To create a socket, we call the socket function.

#include <sys/socket.h> int socket(int domain, int type, int protocol);

Returns: file (socket) descriptor if OK, 1 on error

The domain argument determines the nature of the communication, including the address format (described in more detail in the next section). Figure 16.1 summarizes the domains specified by POSIX.1. The constants start with AF_ (for address family) because each domain has its own format for representing an address.

Figure 16.1. Socket communication domains
Domain
Description
AF_INET
IPv4 Internet domain
AF_INET6
IPv6 Internet domain
AF_UNIX
UNIX domain
AF_UNSPEC
unspecified

We discuss the UNIX domain in Section 17.3. Most systems define the AF_LOCAL domain also, which is an alias for AF_UNIX. The AF_UNSPEC domain is a wildcard that represents "any" domain. Historically, some platforms provide support for additional network protocols, such as AF_IPX for the NetWare protocol family, but domain constants for these protocols are not defined by the POSIX.1 standard.

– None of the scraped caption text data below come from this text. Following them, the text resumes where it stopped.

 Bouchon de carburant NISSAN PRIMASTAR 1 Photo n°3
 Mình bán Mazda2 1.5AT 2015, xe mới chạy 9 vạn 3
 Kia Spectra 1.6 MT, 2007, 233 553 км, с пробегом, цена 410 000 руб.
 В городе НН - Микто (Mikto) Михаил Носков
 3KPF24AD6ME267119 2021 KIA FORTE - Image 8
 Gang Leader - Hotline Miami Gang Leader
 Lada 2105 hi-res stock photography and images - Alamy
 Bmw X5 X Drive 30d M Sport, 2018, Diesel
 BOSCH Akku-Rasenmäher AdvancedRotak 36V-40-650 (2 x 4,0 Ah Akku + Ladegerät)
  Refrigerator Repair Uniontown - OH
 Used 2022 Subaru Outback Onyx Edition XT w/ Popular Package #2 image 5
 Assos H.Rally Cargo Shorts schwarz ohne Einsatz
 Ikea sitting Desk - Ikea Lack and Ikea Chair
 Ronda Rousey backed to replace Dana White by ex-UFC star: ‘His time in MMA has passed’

The type argument determines the type of the socket, which further determines the communication characteristics. The socket types defined by POSIX.1 are summarized in Figure 16.2, but implementations are free to add support for additional types.

Figure 16.2. Socket types
Type
Description
SOCK_DGRAM
fixed-length, connectionless, unreliable messages
SOCK_RAW
datagram interface to IP (optional in POSIX.1)
SOCK_SEQPACKET
fixed-length, sequenced, reliable, connection-oriented messages
SOCK_STREAM
sequenced, reliable, bidirectional, connection-oriented byte streams

The protocol argument is usually zero, to select the default protocol for the given domain and socket type. When multiple protocols are supported for the same domain and socket type, we can use the protocol argument to select a particular protocol. The default protocol for a SOCK_STREAM socket in the AF_INET communication domain is TCP (Transmission Control Protocol). The default protocol for a SOCK_DGRAM socket in the AF_INET communication domain is UDP (User Datagram Protocol).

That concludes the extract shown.